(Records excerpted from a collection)

───

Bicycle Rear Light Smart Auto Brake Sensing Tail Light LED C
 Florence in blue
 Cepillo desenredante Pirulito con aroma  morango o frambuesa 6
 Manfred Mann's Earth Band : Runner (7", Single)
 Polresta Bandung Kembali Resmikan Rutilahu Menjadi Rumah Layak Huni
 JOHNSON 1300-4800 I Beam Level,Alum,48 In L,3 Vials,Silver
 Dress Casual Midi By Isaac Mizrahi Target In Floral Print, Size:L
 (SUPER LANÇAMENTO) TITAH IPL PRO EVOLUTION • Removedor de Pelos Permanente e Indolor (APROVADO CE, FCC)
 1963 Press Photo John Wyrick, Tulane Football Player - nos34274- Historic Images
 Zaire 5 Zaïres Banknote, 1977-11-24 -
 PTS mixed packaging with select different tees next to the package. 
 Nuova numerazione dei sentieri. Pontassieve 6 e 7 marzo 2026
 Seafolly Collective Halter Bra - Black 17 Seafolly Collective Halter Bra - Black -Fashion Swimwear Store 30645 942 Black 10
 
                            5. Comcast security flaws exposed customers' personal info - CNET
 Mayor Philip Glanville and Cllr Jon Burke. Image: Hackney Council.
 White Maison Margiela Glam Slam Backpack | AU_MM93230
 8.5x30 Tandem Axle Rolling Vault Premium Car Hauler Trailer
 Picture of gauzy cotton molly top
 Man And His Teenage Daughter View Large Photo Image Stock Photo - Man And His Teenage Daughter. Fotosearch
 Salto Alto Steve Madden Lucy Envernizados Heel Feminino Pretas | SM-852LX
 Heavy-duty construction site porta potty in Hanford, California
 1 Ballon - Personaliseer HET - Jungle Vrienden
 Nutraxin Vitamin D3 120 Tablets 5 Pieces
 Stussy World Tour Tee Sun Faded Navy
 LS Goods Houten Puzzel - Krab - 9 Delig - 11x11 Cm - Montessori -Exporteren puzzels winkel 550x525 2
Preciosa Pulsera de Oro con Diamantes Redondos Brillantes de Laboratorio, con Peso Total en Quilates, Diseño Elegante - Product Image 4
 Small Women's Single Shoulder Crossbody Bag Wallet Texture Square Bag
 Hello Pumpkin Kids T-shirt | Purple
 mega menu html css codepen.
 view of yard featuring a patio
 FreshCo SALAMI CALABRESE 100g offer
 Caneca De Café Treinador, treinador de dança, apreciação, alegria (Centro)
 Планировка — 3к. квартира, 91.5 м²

───

Task goal
All records above need to be set down again exactly as written.

Answer space
Bicycle Rear Light Smart Auto Brake Sensing Tail Light LED C
 Florence in blue
 Cepillo desenredante Pirulito con aroma  morango o frambuesa 6
 Manfred Mann's Earth Band : Runner (7", Single)
 Polresta Bandung Kembali Resmikan Rutilahu Menjadi Rumah Layak Huni
 JOHNSON 1300-4800 I Beam Level,Alum,48 In L,3 Vials,Silver
 Dress Casual Midi By Isaac Mizrahi Target In Floral Print, Size:L
 (SUPER LANÇAMENTO) TITAH IPL PRO EVOLUTION • Removedor de Pelos Permanente e Indolor (APROVADO CE, FCC)
 1963 Press Photo John Wyrick, Tulane Football Player - nos34274- Historic Images
 Zaire 5 Zaïres Banknote, 1977-11-24 -
 PTS mixed packaging with select different tees next to the package. 
 Nuova numerazione dei sentieri. Pontassieve 6 e 7 marzo 2026
 Seafolly Collective Halter Bra - Black 17 Seafolly Collective Halter Bra - Black -Fashion Swimwear Store 30645 942 Black 10
 
                            5. Comcast security flaws exposed customers' personal info - CNET
 Mayor Philip Glanville and Cllr Jon Burke. Image: Hackney Council.
 White Maison Margiela Glam Slam Backpack | AU_MM93230
 8.5x30 Tandem Axle Rolling Vault Premium Car Hauler Trailer
 Picture of gauzy cotton molly top
 Man And His Teenage Daughter View Large Photo Image Stock Photo - Man And His Teenage Daughter. Fotosearch
 Salto Alto Steve Madden Lucy Envernizados Heel Feminino Pretas | SM-852LX
 Heavy-duty construction site porta potty in Hanford, California
 1 Ballon - Personaliseer HET - Jungle Vrienden
 Nutraxin Vitamin D3 120 Tablets 5 Pieces
 Stussy World Tour Tee Sun Faded Navy
 LS Goods Houten Puzzel - Krab - 9 Delig - 11x11 Cm - Montessori -Exporteren puzzels winkel 550x525 2
Preciosa Pulsera de Oro con Diamantes Redondos Brillantes de Laboratorio, con Peso Total en Quilates, Diseño Elegante - Product Image 4
 Small Women's Single Shoulder Crossbody Bag Wallet Texture Square Bag
 Hello Pumpkin Kids T-shirt | Purple
 mega menu html css codepen.
 view of yard featuring a patio
 FreshCo SALAMI CALABRESE 100g offer
 Caneca De Café Treinador, treinador de dança, apreciação, alegria (Centro)
 Планировка — 3к. квартира, 91.5 м²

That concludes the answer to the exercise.